By MICHAEL COLEMAN Journal Washington Bureau
WASHINGTON — The wind and solar energy industries lost another battle on Capitol Hill on Tuesday when Republicans blocked a vote on a Senate bill to extend their tax breaks.
The vote to take up the bill failed for the second time in a week, this time on a 52-44 vote.
Democrats couldn’t get the 60 votes needed to cut off debate and move to a vote on the bill, which contains almost $18 billion in renewable energy incentives, including investment and production tax credits for solar and wind energy companies.
The credits expire Dec. 31 and industry officials — especially in the solar industry — contend that allowing the credits to lapse will cripple their growth and cost thousands of jobs.
A spokesman for German-based Schott Solar, which broke ground on a 200,000-square-foot manufacturing plant in New Mexico in March, said the first phase of the firm’s project is safe. But without the investment tax credit, expansion is in jeopardy.
“We have plans for expansion,” Alex Marker said. “This will certainly delay them.”
Republicans, including Sen. Pete Domenici, R-N.M., moved to prevent a vote on the tax bill, arguing that tax breaks should not be offset by what they described as tax increases on other industries.
Domenici said he supports the solar and wind energy tax breaks. But he argued they should not be contingent on imposing other taxes, because the clean energy incentives will create jobs and stimulate the economy, effectively paying for themselves.
“They will create jobs immediately — you don’t have to look for tax offsets every time,” Domenici told the Journal. “I don’t think we will ever pass this package of taxes as long as the Democrats insist that we place a tax on someone or some business.”
Democrats proposed to raise about $54 billion by closing what they described as a tax loophole that allows hedge fund managers and others to defer some overseas profits, and by delaying a tax break that multi-national corporations are expected to receive in the future.

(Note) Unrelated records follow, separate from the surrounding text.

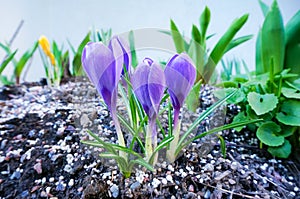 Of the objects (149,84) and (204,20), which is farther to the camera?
(204,20)

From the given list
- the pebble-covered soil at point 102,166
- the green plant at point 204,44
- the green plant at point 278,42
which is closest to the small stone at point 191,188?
the pebble-covered soil at point 102,166

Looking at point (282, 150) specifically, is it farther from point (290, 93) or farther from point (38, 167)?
point (38, 167)

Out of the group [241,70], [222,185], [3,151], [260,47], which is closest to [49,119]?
[3,151]

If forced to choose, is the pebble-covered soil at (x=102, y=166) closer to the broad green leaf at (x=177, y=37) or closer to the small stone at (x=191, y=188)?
the small stone at (x=191, y=188)

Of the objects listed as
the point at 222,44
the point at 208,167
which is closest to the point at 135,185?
the point at 208,167

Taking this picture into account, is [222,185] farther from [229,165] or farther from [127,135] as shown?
[127,135]

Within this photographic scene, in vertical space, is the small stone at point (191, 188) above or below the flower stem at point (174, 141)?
below

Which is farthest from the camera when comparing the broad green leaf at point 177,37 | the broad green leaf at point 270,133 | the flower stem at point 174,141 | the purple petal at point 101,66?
the broad green leaf at point 177,37

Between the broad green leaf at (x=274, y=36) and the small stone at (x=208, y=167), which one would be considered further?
the broad green leaf at (x=274, y=36) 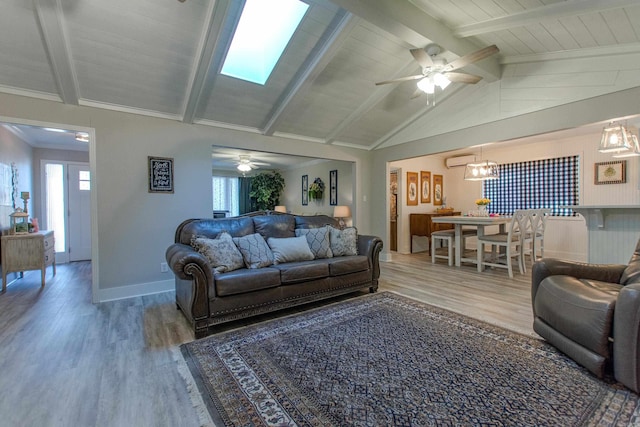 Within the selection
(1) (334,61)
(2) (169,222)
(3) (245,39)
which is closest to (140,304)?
(2) (169,222)

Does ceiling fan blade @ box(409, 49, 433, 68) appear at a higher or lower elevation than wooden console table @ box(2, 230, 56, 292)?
higher

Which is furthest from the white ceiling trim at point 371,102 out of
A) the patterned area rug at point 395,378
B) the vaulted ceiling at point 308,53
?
the patterned area rug at point 395,378

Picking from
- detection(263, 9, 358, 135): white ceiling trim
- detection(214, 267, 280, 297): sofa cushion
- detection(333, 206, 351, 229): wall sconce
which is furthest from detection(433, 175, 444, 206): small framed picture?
detection(214, 267, 280, 297): sofa cushion

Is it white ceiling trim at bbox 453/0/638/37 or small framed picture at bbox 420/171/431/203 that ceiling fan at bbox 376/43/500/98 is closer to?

Democrats, including Sen. Jeff Bingaman of New Mexico, who chairs the Senate Energy and Natural Resources Committee, contend the renewable tax credits, part of a larger tax package, should be paid for.

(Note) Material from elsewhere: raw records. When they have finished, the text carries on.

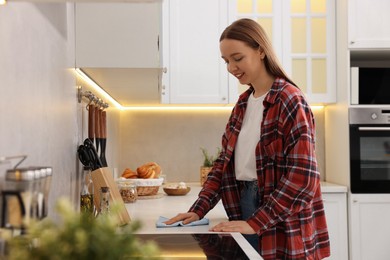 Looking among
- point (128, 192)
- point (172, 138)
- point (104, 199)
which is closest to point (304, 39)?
point (172, 138)

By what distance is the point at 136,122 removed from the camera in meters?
3.94

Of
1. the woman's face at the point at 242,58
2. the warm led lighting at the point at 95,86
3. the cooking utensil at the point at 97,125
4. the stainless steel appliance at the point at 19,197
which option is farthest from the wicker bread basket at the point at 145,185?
the stainless steel appliance at the point at 19,197

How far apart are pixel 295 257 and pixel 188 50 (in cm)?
191

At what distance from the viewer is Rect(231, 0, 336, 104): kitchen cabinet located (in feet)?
11.4

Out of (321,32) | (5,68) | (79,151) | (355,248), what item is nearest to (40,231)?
(5,68)

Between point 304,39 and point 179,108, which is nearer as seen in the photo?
point 304,39

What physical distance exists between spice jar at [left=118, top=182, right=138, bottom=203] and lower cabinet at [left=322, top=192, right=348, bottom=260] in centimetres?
127

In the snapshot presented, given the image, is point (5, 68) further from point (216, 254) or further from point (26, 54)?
point (216, 254)

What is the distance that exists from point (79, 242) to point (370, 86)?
299 cm

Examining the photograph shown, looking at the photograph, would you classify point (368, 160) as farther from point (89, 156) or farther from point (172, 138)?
point (89, 156)

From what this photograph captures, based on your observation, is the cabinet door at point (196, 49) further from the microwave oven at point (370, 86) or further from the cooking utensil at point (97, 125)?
the cooking utensil at point (97, 125)

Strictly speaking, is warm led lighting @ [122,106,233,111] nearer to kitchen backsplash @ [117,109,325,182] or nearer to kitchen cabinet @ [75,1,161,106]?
kitchen backsplash @ [117,109,325,182]

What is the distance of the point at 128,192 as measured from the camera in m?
2.50

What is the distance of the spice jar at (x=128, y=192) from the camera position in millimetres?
2486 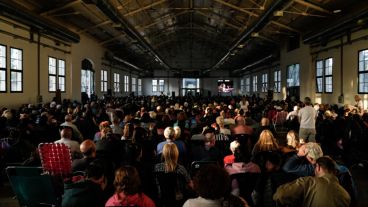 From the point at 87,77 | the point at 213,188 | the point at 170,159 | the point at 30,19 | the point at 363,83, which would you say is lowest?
the point at 170,159

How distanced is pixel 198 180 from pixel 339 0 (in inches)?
605

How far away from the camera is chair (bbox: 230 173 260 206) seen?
473 cm

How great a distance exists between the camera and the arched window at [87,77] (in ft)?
85.8

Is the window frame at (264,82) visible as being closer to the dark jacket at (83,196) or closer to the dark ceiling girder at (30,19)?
the dark ceiling girder at (30,19)

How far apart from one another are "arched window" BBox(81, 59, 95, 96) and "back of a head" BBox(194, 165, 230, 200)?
23910 mm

A Democratic effort to pay for the clean energy tax breaks by repealing about $18 billion in tax breaks for the biggest oil companies also was blocked by Republicans this year.

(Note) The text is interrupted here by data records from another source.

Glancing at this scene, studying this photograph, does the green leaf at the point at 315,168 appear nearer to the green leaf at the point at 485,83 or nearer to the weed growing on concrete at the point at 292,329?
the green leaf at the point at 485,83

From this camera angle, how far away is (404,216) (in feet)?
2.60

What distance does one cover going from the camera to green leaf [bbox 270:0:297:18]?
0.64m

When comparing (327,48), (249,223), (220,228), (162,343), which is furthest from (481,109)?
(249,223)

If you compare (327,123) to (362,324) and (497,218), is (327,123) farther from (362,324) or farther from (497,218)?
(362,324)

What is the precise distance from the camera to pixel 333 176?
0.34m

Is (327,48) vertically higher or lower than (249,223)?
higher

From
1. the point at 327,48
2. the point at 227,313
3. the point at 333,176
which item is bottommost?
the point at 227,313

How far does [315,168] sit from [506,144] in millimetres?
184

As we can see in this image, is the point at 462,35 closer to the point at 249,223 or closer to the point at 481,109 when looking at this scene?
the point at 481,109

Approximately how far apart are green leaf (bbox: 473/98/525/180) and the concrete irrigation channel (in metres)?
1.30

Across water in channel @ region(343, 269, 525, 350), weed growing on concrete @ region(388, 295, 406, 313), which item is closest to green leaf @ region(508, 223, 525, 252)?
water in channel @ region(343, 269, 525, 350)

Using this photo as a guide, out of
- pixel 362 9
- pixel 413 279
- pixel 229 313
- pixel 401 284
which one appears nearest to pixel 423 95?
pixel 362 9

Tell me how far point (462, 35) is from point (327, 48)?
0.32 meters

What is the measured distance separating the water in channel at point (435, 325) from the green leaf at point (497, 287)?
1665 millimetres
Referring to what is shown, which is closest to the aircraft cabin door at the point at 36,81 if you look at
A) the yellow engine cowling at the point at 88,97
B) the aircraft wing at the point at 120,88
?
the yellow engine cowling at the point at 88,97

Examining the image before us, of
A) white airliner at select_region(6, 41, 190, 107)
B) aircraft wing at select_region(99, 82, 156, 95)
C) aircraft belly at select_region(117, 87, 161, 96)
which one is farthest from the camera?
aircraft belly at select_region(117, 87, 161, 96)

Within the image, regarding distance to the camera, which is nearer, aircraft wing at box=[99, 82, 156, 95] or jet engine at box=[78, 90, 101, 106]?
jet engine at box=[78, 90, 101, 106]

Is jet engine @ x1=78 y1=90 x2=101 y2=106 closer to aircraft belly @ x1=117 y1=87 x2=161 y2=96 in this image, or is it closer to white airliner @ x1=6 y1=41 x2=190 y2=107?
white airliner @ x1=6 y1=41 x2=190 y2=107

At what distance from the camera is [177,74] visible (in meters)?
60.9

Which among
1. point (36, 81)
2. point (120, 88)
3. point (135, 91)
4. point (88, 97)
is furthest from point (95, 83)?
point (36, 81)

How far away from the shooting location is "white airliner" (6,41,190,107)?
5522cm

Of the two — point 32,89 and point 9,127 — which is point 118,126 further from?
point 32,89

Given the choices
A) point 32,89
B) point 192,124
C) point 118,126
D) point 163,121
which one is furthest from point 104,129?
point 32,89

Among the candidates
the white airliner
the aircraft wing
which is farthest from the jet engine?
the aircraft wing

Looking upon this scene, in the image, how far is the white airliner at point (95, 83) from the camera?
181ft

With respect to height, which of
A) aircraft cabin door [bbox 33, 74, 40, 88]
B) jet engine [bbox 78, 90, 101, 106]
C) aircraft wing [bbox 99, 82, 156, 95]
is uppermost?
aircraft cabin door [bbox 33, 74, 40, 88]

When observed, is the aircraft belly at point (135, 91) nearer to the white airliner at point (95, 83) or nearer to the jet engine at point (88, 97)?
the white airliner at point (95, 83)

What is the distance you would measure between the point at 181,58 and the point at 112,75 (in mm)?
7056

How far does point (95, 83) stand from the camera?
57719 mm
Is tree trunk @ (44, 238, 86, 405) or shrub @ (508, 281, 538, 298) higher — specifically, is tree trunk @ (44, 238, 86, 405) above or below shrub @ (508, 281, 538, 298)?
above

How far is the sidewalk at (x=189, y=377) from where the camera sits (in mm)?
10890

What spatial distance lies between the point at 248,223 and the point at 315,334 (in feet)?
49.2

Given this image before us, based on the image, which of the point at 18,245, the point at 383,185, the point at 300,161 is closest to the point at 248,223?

Bingaman said he would vote to extend the clean energy tax breaks with or without recovering the revenue elsewhere in the budget. But he said the current Congress pledged to balance its budgets, and the bill Tuesday was an effort to do that.
“I thought the proposal was imminently reasonable,” said Bingaman, who voted to move the bill to a final vote Tuesday. “The responsible thing to do is make up the revenue somewhere else.”
Domenici said the bill contained other provisions unpalatable to Republicans, including $1.6 billion to allow trial lawyers to claim tax credits for contingency fees.